I feed my dogs Taste of the Wild Sierra Mountain formula, which is with roasted lamb, no grains. My dogs do well on it and my Golden has a sensitive stomach also, but no issues with that food. 
I wish you good luck in finding the right diet for your fur baby.


----------



## Willow52 (Aug 14, 2009)

Hank's been on Innova since we brought him home, I've never fed EVO though. I haven't noticed any changes, other than the price(!) since P&G bought the brand. Were both bags new? Possibly one had spoiled. Any off color or smell? 

I would return both bags, or at least the newly opened one. Buy a small bag of each and try again. If he still turn up his nose, switch foods.


----------



## BarkerNatura (Jan 4, 2012)

_Hello-_ 
_I came across this post and thought I would offer some assistance. My name is Tammy, and I work for Natura. I’m sorry to hear what your Golden is going through! Since joining P&G in 2010, we continue to operate as we always have and our products are still made with the same ingredients._

_We would be more than happy to speak with you personally if you have any questions. You can call our Product Advisor team at 800.532.7261 between 8 a.m. and 5:30 p.m. CST Monday – Friday or email [email protected]._


----------



## MyBentley (May 5, 2009)

In my experience, if a hungry dog repeatedly refuses to eat a kibble that he had been eating just fine, then there is a high chance that something is wrong with that specific bag of kibble *or* an entire production run of a kibble. Even if there were a slight change in formula, a dog wouldn't typically refuse to eat it.

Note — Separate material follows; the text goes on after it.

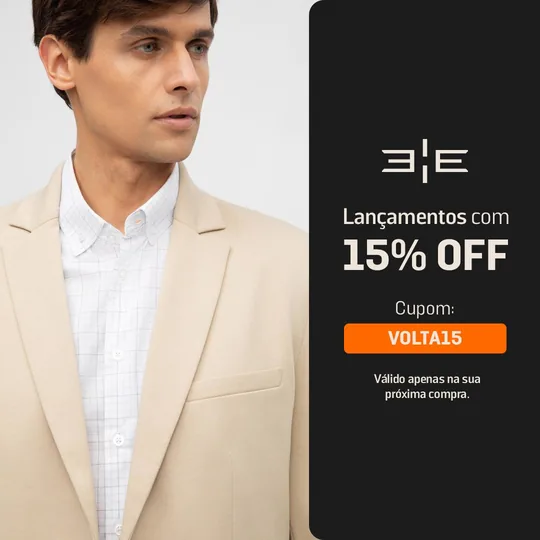 Moldura Lançamentos com 15% OFF da Hangar33 aplicada ao blazer bege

As far as Natura products, they may still be using the same ingredients, but the sourcing of the ingredients may well have changed. That could potentially affect the quality of the product. There is just no way to know.

If your dog has been eating the exact same food for three years, now might be a good time to feed something new anyway. It's always good to have a backup food; plus some diversity of nutrients can be healthier for a dog. I do some home-cooking for my dogs; but like to give them kibble for breakfast. It's just easier for me and I like them used to kibble for when I board them.


----------



## Gator (Nov 2, 2009)

Holly has been on Innova large breed adult food for about a year now (their large breed puppy food before that). The only change I noticed recently was the size of the large bag went from 33# to 30# - Holly still enjoys the kibble and hasn't had one problem with it, ever.


----------



## Goldens R Great (Aug 19, 2010)

I'm sorry to hear about your dog and the issues he is having. Several years ago I was feeding my dogs Royal Canin Potato and Rabbit. (One of my dogs had to be on limited ingredient food so I ended up feeding both dogs this food.) They absolutely loved it and I even used it for treats. I bought a new bag and the next morning one of my dogs refused to eat it. I thought possibly she was sick and just didn't feel like eating, but the next day my other dog refused to eat it too. I thought I had two sick dogs! I called the company and asked them if they had changed the ingredients and they did tell me they changed the oil. I never could get my dogs to eat the food again and ended up switching to Natural Balance Potato and Duck. I would suggest maybe calling the companies directly and asking if anything had changed with the ingredients.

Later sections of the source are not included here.